Honey Bloosom

Why Does Honey Crystallize?

Honey Bloosom

Honey is a overloaded mixture of natural sugars, collected from the nectar of plants. It contains over 70% sugars and less than 20% water. The two main sugars in honey are fructose and glucose. The content of fructose and glucose in honey varies from one type of honey to another. Generally, fructose ranges from 30% to 44% and glucose from 25% to 40%. The balance of these two main sugars causes the crystallization of honey, and the relative percentage of each determines whether it crystallizes quickly or slowly. What crystallizes is glucose, due to its lower solubility. Fructose is more soluble in water than glucose and will remain fluid.

When glucose crystallizes, it separates from water and takes the form of small crystals. As crystallization progresses and more glucose crystallizes, those crystals spread throughout the honey. The solution changes to a stable saturated form, and finally the honey thickens or crystallizes


Many people believe that crystallized honey is synonymous with adulteration, it's not like that.. True raw honey crystallizes. The process of crystallization is natural and spontaneous. 100% Pure, unheated honey has a natural tendency to crystallize over time with no effect on the honey other than color and texture.

Crystallization of honey actually preserves the taste and quality characteristics of your honey. Many honey users prefer it in this state as it is easier to spread on bread.

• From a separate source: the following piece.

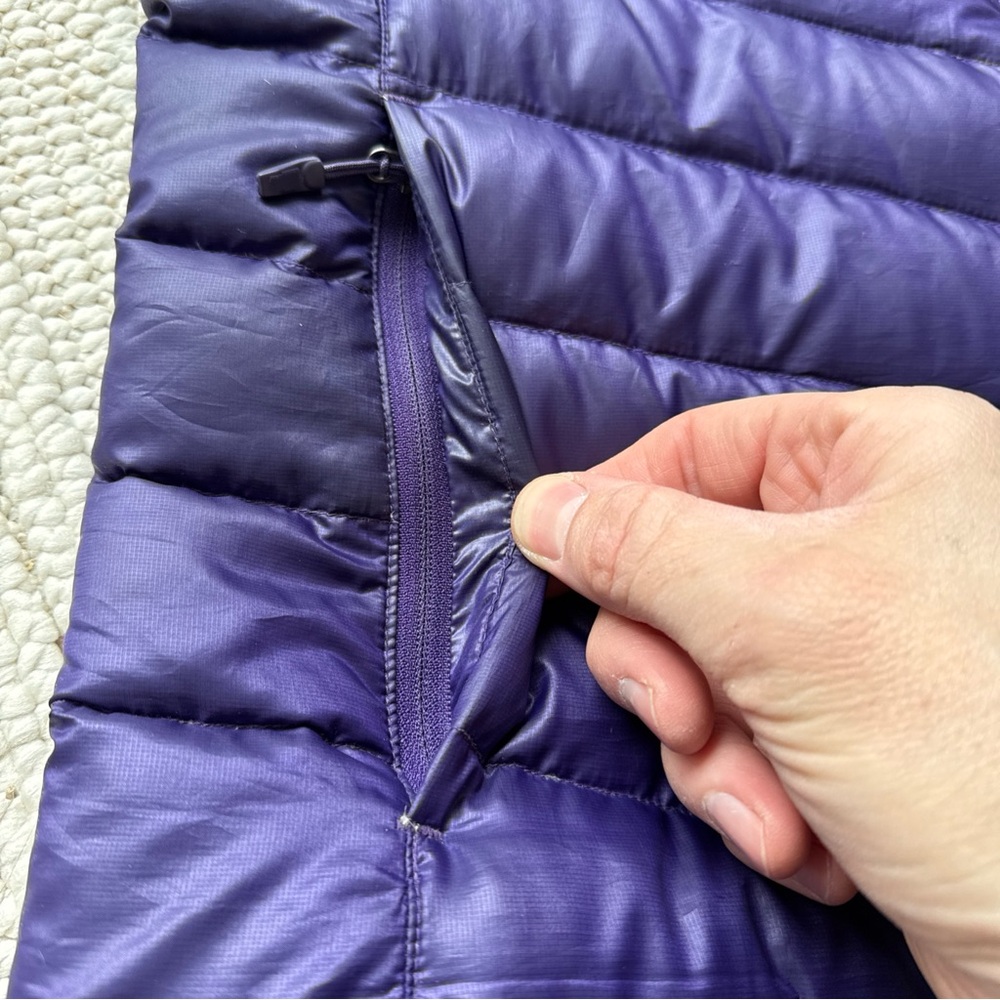 Marmot Down Puffer Vest 800 Fill Full Zip Inside Zip! Packable Womens M Purple - Picture 10 of 16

Crystallized honey also tastes richer. When honey is in the crystallized state, it takes longer to melt on the tongue, allowing all the taste buds to be activated and capture the subtleties.

The natural sugars in honey tend to solidify at temperatures below 77 °F.

To restore the enjoyment of honey in its liquid state, it is traditionally recommended to heat it in a bain-marie for a few minutes.